Già adesso si vede che i vecchi nemici acqua, rovi e pini hanno ricominciato la loro corsa vittoriosa, perché tra i giovani pochi sono ritornati a lavorare i campi e gli uliveti. A dire la verità nessuno può campare con la coltivazione della vite e dell’ulivo. Così la tecnica arcaica della costruzione dei muretti a secco cade nell’oblio pur essendo essenziale per poter tutelare e conservare questo paesaggio culturale.

Proprio in questo momento, le 5 Terre sono state nominate dall’Unesco patrimonio culturale dell’umanità; c’è da sperare che, accanto ai soldi pompati da questa istituzione diventi possibile sviluppare anche idee e modi su come poter conservare, nel 21° secolo, in controtendenza all’ industrializzazione e alla globalizzazione, da un lato, e alla generale americanizzazione dall’altro, un paesaggio culturale per la costruzione del quale tante generazioni hanno lavorato con fatica e con sudore.

Mi auguro solo che questo antico paesaggio non si trasformi in uno zoo Merry old Europe o in un’immensa birreria.

Mio marito e io abitavamo, quando venivamo in Italia, presso i suoceri su in collina e desideravamo molto comperare un appartamento giù al mare, a Corniglia. Un’impresa difficile e lunga dato che, dal dopoguerra, non si può più costruire una casa nuova – una decisione molto saggia contro la speculazione.

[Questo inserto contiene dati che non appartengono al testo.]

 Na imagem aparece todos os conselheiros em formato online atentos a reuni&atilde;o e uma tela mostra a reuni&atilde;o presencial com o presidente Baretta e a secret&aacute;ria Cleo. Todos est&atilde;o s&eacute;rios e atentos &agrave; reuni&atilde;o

Si deve, perciò, avere la fortuna di venire a sapere – non dal mercato immobiliare, ma in modo segreto e attraverso i molti angoli e spigoli della parentela (un lavoro di vero e proprio spionaggio) che un appartamento è in vendita. Dopo molti anni ci capitò questa fortuna.

Avevamo sentito che un sarto cieco e sordomuto di La Spezia, soffrendo di un’allergia allo iodio e non potendo quindi stare vicino al mare, aveva decenni prima ereditato un piccolo appartamento che non aveva mai potuto usare. Venimmo anche a sapere che sarebbe arrivato a Corniglia la domenica successiva, con il treno.

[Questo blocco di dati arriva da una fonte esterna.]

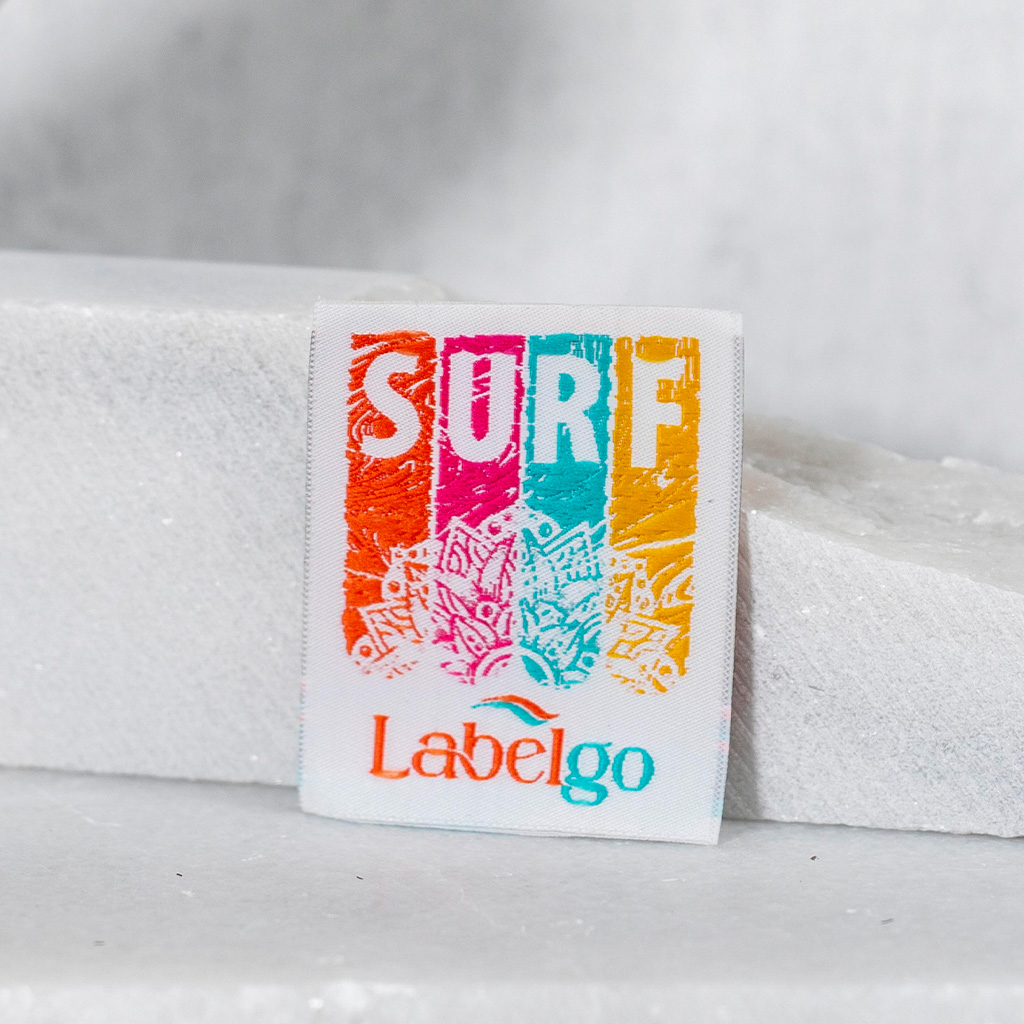 Etiqueta tejida cuadrada con la palabra SURF y diseño colorido de playa.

Accompagnati da nostro cognato, che appartiene a una vecchia famiglia cornigliese, lo aspettammo alla stazione. Completamente sconosciuti a lui, gesticolando e aiutandoci con le mani e persino con i piedi, arrivammo con lui fino alla macchina e, da lì, fino alla casa del cognato.

Come potevamo spiegargli – senza parole, solo con gesti tattili – che eravamo interessati a comprare l’appartamento di via Fieschi? All’inizio ci sembrava un’impresa impossibile da realizzare, ma un bicchiere dopo l’altro ci aiutò a capirci. Così, faticosamente arrivammo alla trattativa.

Lui ci spiegò che c’era un’altra persona interessata e per renderci chiaro il concetto formava con le mani due tette belle e tonde davanti al suo petto piatto. Poi, per essere ancora più chiaro, descrisse con una lieve rotazione nell’articolazione delle mani, un grande arco accanto ai fianchi. Ovviamente un bel culo. Avendo in questo modo conosciuto la nostra concorrente eravamo in grado di immaginarla con gran gusto.

Per l’ulteriore trattativa, quella sul prezzo, dovemmo servirci delle dita, erettilmente alzate e da lui tastate (il ‘principio maschile?).Ci accordammo ed entrammo nella nostra nuova casa di Corniglia.

Questa divenne per noi: una nuova patria, un progetto divertente (la nostra bellissima dimora si riempì di trovate del mercato delle pulci), una penthouse per amici e nemici e, per finire, un oggetto di valore cui, al momento del divorzio, nessuno dei due poteva rinunciare. Questa bellissima casa che, nei nostri calcoli, doveva rappresentare un’assicurazione per la vecchiaia e un’integrazione della pensione, non fu niente di tutto questo.

Barbó

In quel periodo stavamo arredando l’appartamento, che si trovava nel quarto piano di una casa stretta, situata nel carugio principale di Corniglia: via Fieschi. Una scala ampia e ripida, la ‘scala santa’ portava dal carugio alla porta dell’entrata. Sopra avevamo un grande terrazzo che era quasi la metà della superficie dell‘appartamento. Da lì si aveva una bellissima vista sulle case intorno (e anche dentro le case, un fatto che, da un lato, stimolava il mio voyeurismo e, dall’altro, l’esibizionismo dei vicini), e anche si poteva scorgere un piccolo triangolo di mare, lontano. 

Seduti sul balcone sentivamo il rumore del mondo e della gente che faceva la spesa o che prendeva un aperitivo al bar oppure che scherzava nel carugio, prendendosi per il culo, diventava un leggero sussurro.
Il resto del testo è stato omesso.